On June 23, 2014, the Supreme Court issued its ruling in a companion case,Utility Air Regulatory Group v. EPA. In an opinion authored by Justice Antonin Scalia, the Supreme Court held that the EPA exceeded its statutory authority under the CAA when it interpreted the law to require stationary sources of air pollution to obtain CAA Prevention of Significant Deterioration, or Title V, permits solely on the basis of their GHG emissions.
Following the Supreme Court’s decision in Massachusetts v. EPA, the EPA promulgated GHG emission standards for new motor vehicles and determined that these “mobile source” standards would automatically apply to stationary sources emitting GHGs, thus triggering permitting requirements under the EPA’s PSD and Title V programs. The Supreme Court held that this interpretation was at such odds with the text of the CAA that “it does not merit Chevron deference.”
Consequently, the Tailoring Rule, which was issued to ameliorate the consequences of the EPA’s GHG permitting requirements, was set aside. However, the Supreme Court agreed with the EPA that it could require a source to apply Best Available Control Technology to GHG emissions from major stationary sources that are subject to the agency’s PSD and Title V permitting programs. Even so, Justice Scalia noted that the application of the BACT regulation was subject to reasonable limitations. “BACT cannot be used to order a fundamental redesign of the facility,” nor can it be used to require “reductions in a facility’s demand for energy from the electric grid.”

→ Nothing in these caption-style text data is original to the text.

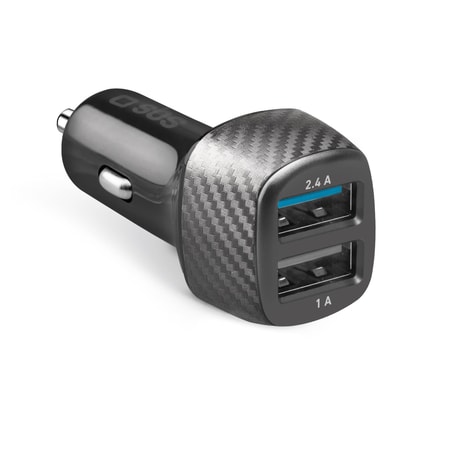 Autoladegerät mit Schnellladung, USB-A, 12 W, 2,4 A, Schwarz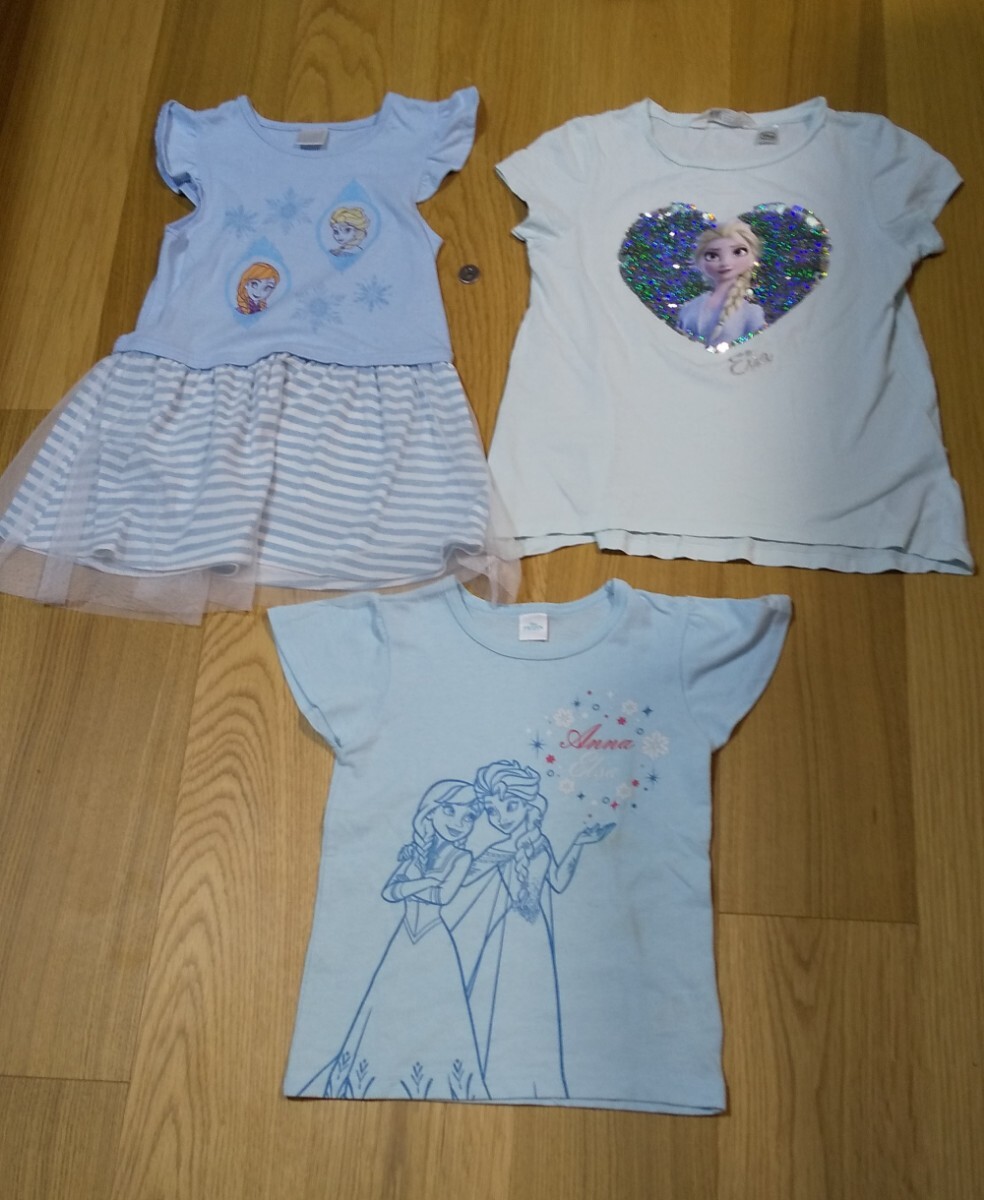 女の子 半袖Tシャツ ワンピース アナ雪 ディズニー エルサ 水色 3枚セット まとめ売１２０cm 140cm ６歳8歳１０歳 美品定価18000円レース_画像1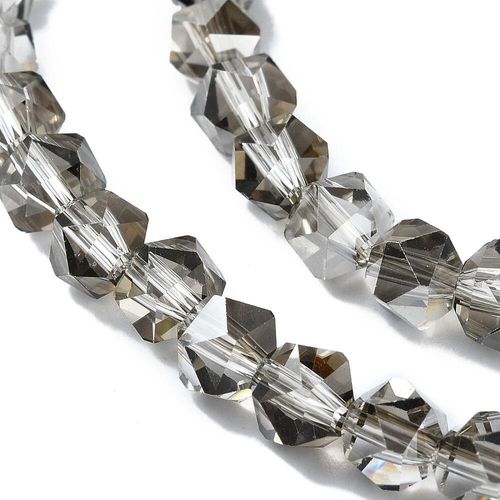 6mm crystal beads silver dust — plated finish, ideal for jewelry making and beadwork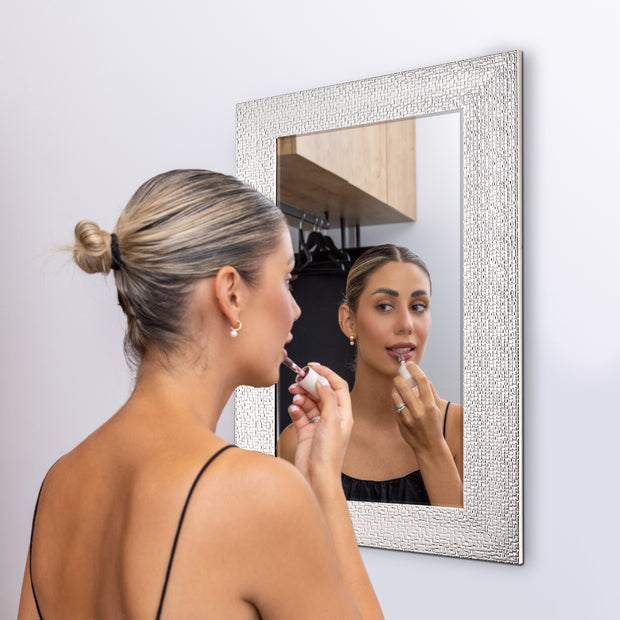 Head West Tile Textured Frame Vanity Accent Mirror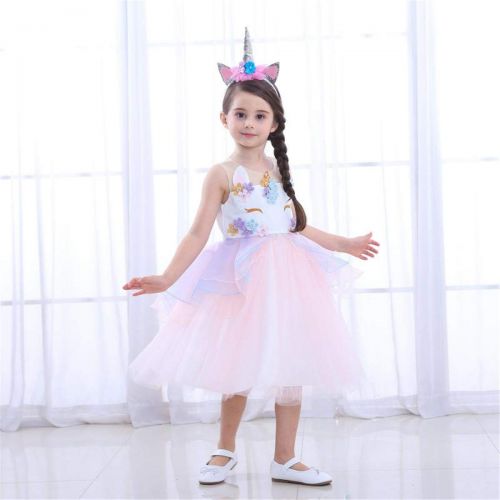  Hulaha Girls Unicorn Dress Pageant Flower Costume Kids Unicorn Fancy Dress Tutu Ball Gowns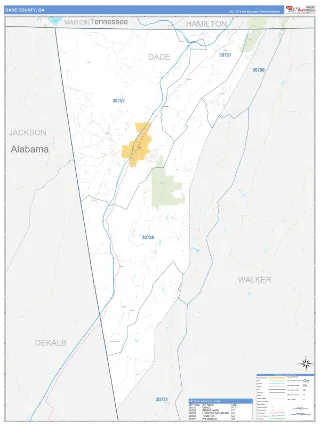 Dade County, GA Business Reference style ZIP Code wall map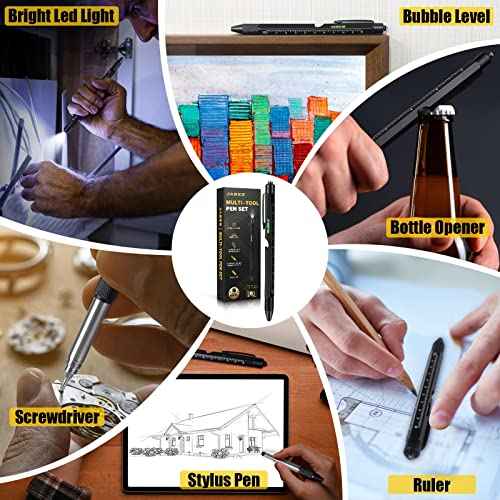 Christmas Stocking Stuffers Gifts for Men, White Elephant Gifts for Adults Dad Boyfriend Him Husband, 9 in 1 Multitool Tool Pen Set, Screwdriver, LED Light, Stylus, Bottle Opener, Ruler, Level(Black)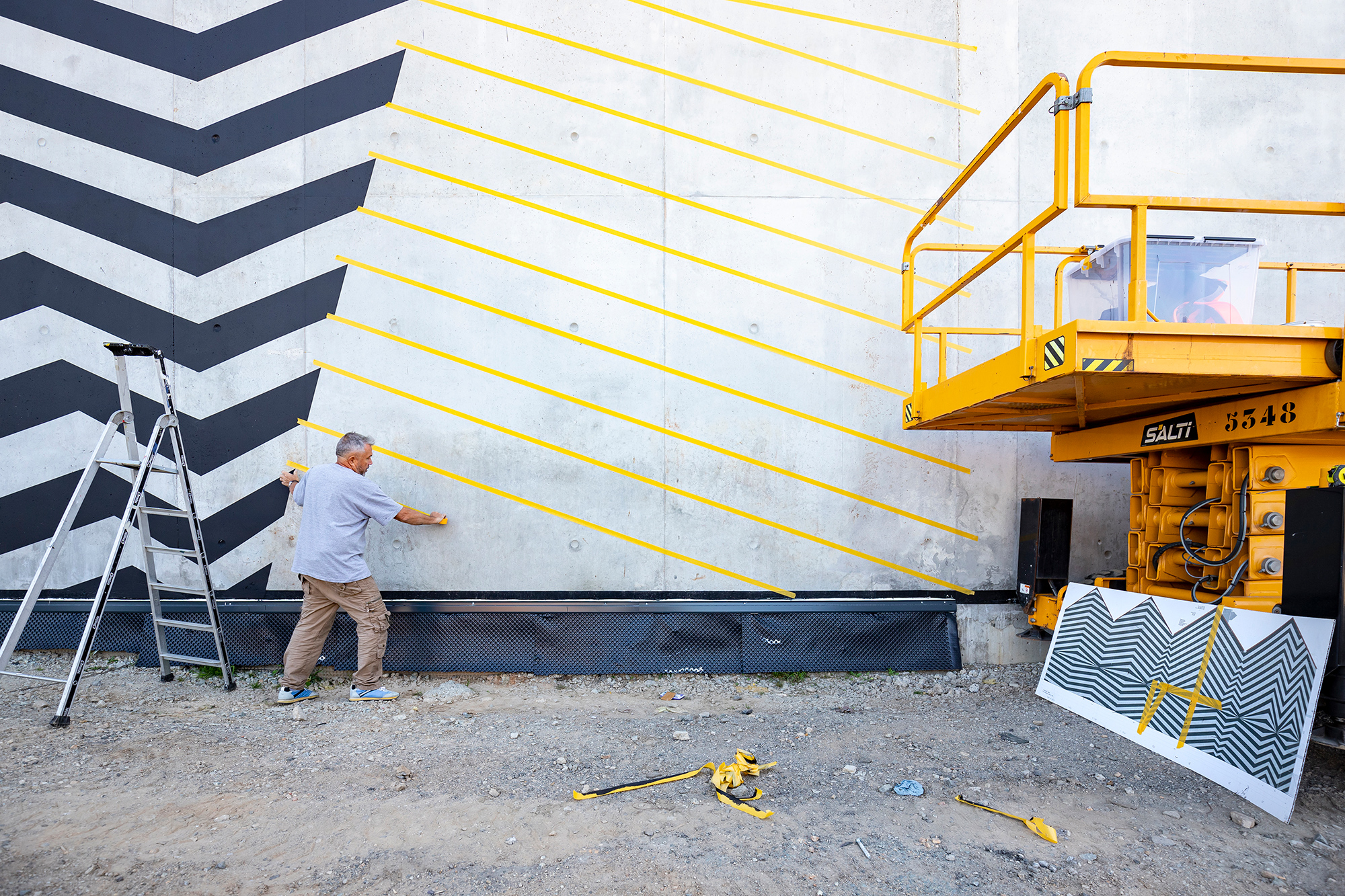 Compagnie architecture, fresque Malte Martin, Quai M, photo David Fugère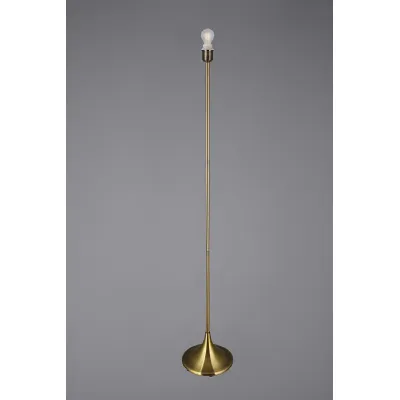 Crowne Round Curved Base Floor Lamp Without Shade, Inline Switch, 1 Light E27 Antique Brass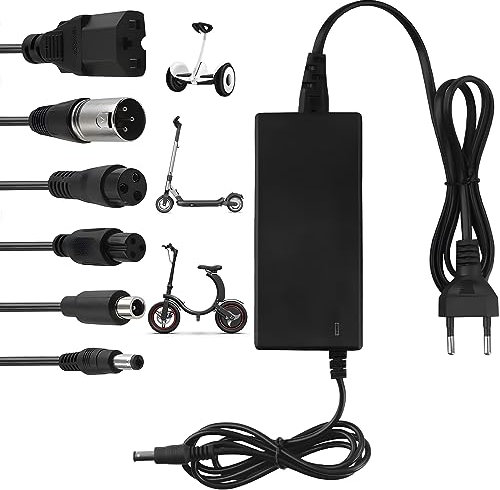 Tacilin Chargeur Trotinette Electrique, Chargeur Hoverboard, 42V 2A Universel Chargeur pour Scooter électrique, Hoverboard Vélo Déquilibre avec 4 Connecteurs, Chargeur pour Batteries 36V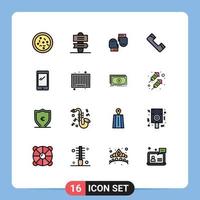 Universal Icon Symbols Group of 16 Modern Flat Color Filled Lines of android smart phone gloves phone phone Editable Creative Vector Design Elements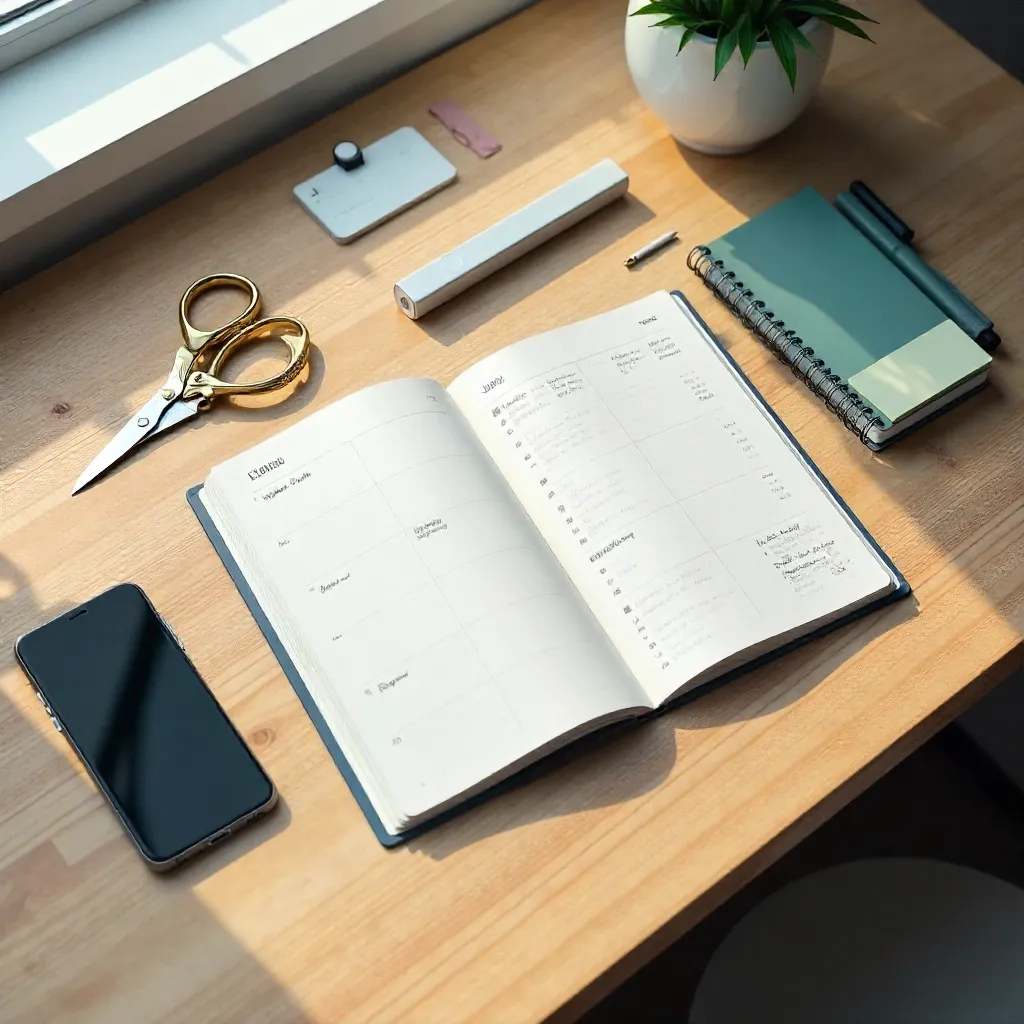 Neat Desk with Smartphone, Planner, and Stationery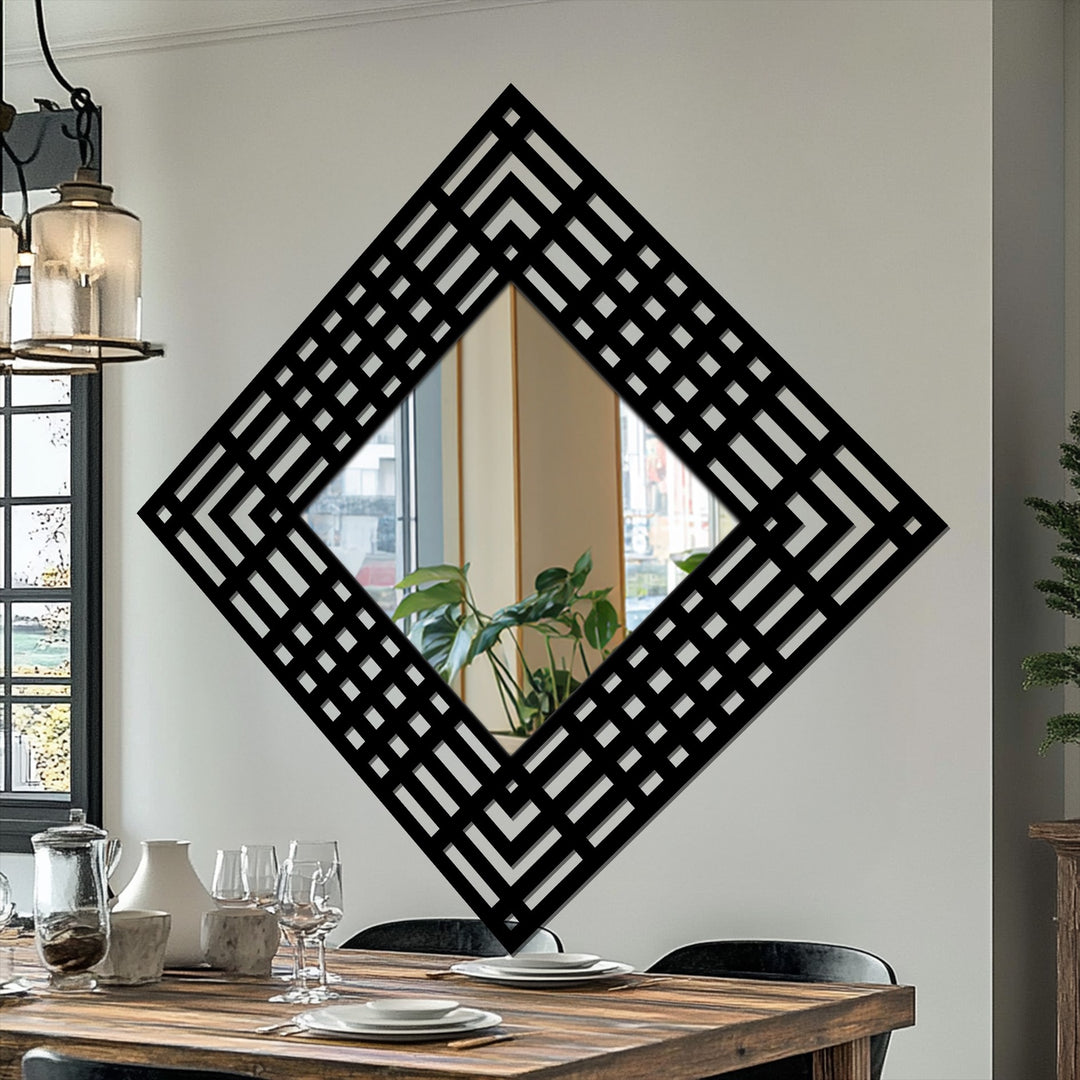 Organic forms are reflected in the modern mirror, framed by a metal artwork featuring a layered grid and diamond geometric pattern.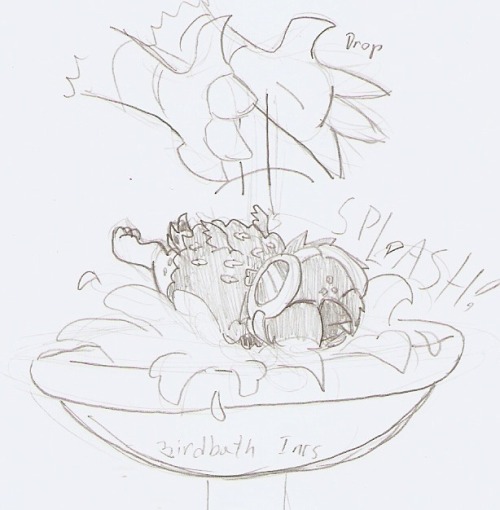 thedenofravenpuff:  Careful when you mix baby birbs with birdbaths. Especially the floofy kind.And that was the last M!A post! And good riddance, I was getting real tired of drawing bebi birb Puffling. Wanna do other stuff now. M!A Baby Gryphon - 10/10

Both these CAA decisions suggest little tolerance for interpretations of the law that stray meaningfully from its plain text.
An Important CERCLA Decision
In CTS Corp. v. Walburger, decided June 9, 2014, the Supreme Court issued an important ruling that affects the ability of litigants to recover personal injury or property damages resulting from the release of hazardous substances, pollutants or contaminants subject to the provisions of the Comprehensive Environmental Response, Compensation, and Liability Act.
CERCLA Section 9658 preempts the application of state statutes of limitations to state tort claims in certain circumstances. Reversing the Fourth Circuit, the Supreme Court held that Section 9658 does not preempt state statutes of repose. A number of states have enacted statutes of repose, which automatically terminate a cause of action after the passage of a specified number of years, regardless of when the plaintiff may have discovered his injury. The Supreme Court, in an opinion by Justice Anthony Kennedy, noted that CERCLA provides a federal cause of action to recover cleanup costs from a culpable entity, but it does not create a federal cause of action for personal injury or property damage; these matters are left to state law.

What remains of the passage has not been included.